After the distraction devices are removed, follow-up care is essential to monitor the long-term success of the skull expansion. This aftercare includes:

  • Periodic skull imaging (CT scans or X-rays) to assess continued skull growth
  • Neurological evaluations to ensure there are no concerns related to brain development or ICP
  • Discussion of future surgical needs if additional interventions are required as your child grows

For many children, PCVD provides a permanent solution for increasing skull volume, reducing the need for additional surgeries in the future.

In the next section, we’ll discuss the overall recovery process, long-term outcomes, and what parents should expect as their child grows after PCVD.

Recovery and Long-Term Outcomes

After the distraction devices are removed, the recovery process focuses on allowing the skull to heal fully and monitoring the long-term effects of PCVD. Most children experience a smooth recovery with gradual improvements in skull shape, brain space, and overall head symmetry.

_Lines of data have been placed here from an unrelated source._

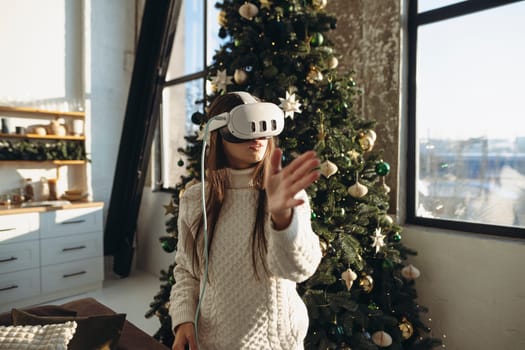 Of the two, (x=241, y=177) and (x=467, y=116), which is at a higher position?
(x=467, y=116)

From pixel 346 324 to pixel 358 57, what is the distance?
160 cm

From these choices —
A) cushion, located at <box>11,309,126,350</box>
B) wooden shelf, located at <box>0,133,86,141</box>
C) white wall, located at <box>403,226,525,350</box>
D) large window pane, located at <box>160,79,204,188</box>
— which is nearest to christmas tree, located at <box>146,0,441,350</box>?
white wall, located at <box>403,226,525,350</box>

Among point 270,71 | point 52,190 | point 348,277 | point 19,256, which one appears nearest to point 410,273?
point 348,277

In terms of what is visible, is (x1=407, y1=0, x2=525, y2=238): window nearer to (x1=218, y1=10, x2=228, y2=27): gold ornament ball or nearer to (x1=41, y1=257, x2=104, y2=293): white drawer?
(x1=218, y1=10, x2=228, y2=27): gold ornament ball

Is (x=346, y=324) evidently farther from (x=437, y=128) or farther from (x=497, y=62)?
(x=497, y=62)

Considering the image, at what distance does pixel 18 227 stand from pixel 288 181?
3.21 meters

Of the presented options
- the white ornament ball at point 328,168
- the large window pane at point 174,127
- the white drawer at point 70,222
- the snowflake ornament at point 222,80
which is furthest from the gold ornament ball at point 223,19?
the white drawer at point 70,222

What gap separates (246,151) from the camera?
827 millimetres

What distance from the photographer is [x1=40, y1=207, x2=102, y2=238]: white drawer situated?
10.6 feet

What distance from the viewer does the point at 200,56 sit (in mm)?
3674

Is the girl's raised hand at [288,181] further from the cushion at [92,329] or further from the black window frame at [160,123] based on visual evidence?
the black window frame at [160,123]

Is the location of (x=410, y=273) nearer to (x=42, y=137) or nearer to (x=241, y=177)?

laughing mother lifting her adorable newborn baby son air scaled

Final Thoughts and Key Takeaways

PCVD has transformed the treatment of certain forms of craniosynostosis, offering a gradual, controlled, and effective way to expand the skull. As you navigate this journey, understanding each phase of the process—from surgical planning to recovery—can make the experience less overwhelming and more manageable.

Key Takeaways for Parents:

  • PCVD is a gradual skull expansion method that allows the body to form new bone naturally, reducing the risks associated with traditional CVR.
  • It is primarily used for children with restricted skull growth in the back of the head, particularly those with increased ICP or syndromic craniosynostosis.
  • The procedure involves two surgeries: the initial placement of the distractors and a later procedure to remove them after the bone has fully formed.
  • The activation phase requires daily adjustments to gradually expand the skull over several weeks. As a parent, you will likely be involved in this process and receive training from the medical team.
  • The consolidation phase allows the new bone to harden, ensuring long-term skull stability. This phase typically lasts several months and is followed by device removal.
  • Recovery after PCVD is usually smooth, with minimal pain after the initial healing period. Most children can resume regular activities within weeks of the distraction device being removed.
  • Regular follow-up visits and imaging are essential to ensure proper skull development and monitor long-term outcomes.

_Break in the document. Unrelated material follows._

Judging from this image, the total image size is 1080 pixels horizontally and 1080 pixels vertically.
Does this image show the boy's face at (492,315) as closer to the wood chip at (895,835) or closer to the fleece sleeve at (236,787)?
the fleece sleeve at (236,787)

Empowering Parents With Knowledge and Support

PCVD is a highly effective treatment, but as with any medical procedure, it requires patience, understanding, and close collaboration with a craniofacial team. You should feel empowered to:

  • Ask questions and seek clarification about your child’s treatment plan
  • Stay actively involved in postsurgical care, including distractor activation and incision monitoring
  • Lean on support networks—including medical professionals, other families, and patient advocacy groups—to navigate the emotional and practical aspects of your journey

A Future of Continued Innovation

With advancements in distraction device technology, 3D surgical planning, and regenerative medicine, the future of PCVD is promising. Ongoing research and innovation will continue to improve the procedure’s safety, precision, and overall outcomes.

For you, the journey through PCVD may seem complex at first, but with the right medical team and the knowledge gained from this guide, you can confidently support your child through the treatment and into the future with a healthy, well-developed skull.